**Work to be completed:** Leave out all pictures. Extract exactly the lines from the one containing "Vintage Saskatchewan Cowboy" through the end of the data.
---------- Dataset extract ----------
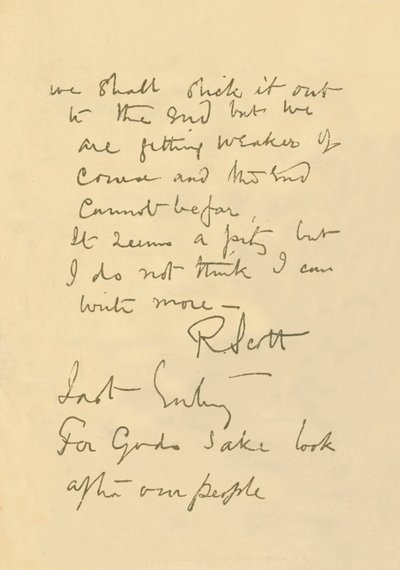 Faksimile der Nachricht an die Öffentlichkeit, 29. März 1912, 1913 von Robert Falcon Scott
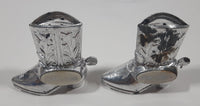 Vintage Saskatchewan Cowboy Boot Shaped 2" Tall Metal Salt and Pepper Shaker Set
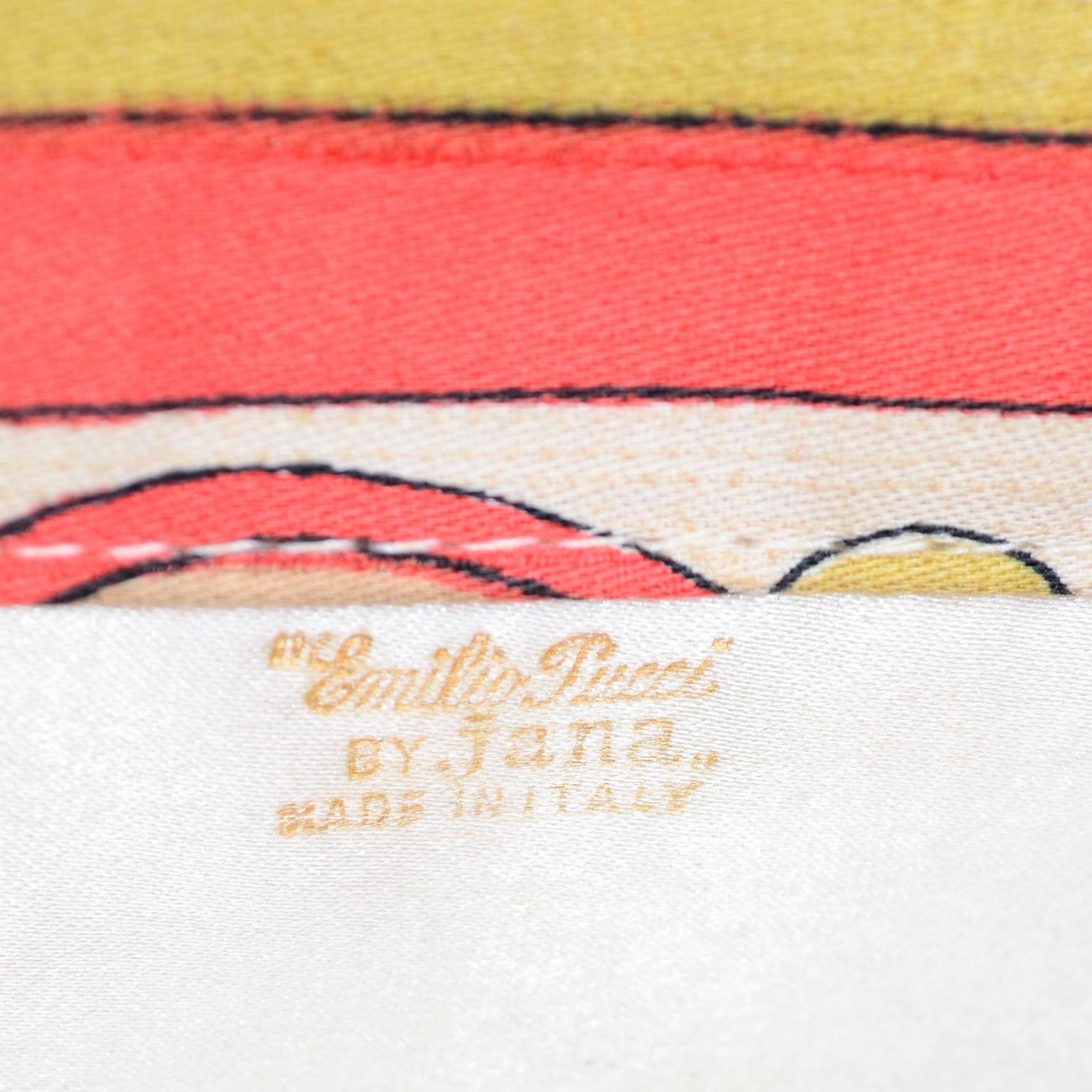 1960s Vintage Emilio Pucci by Jana Top Handle Print Raw Silk & Leather handbag For Sale 2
----------
**Worked solution:**
 Vintage Saskatchewan Cowboy Boot Shaped 2" Tall Metal Salt and Pepper Shaker Set
 1960s Vintage Emilio Pucci by Jana Top Handle Print Raw Silk & Leather handbag For Sale 2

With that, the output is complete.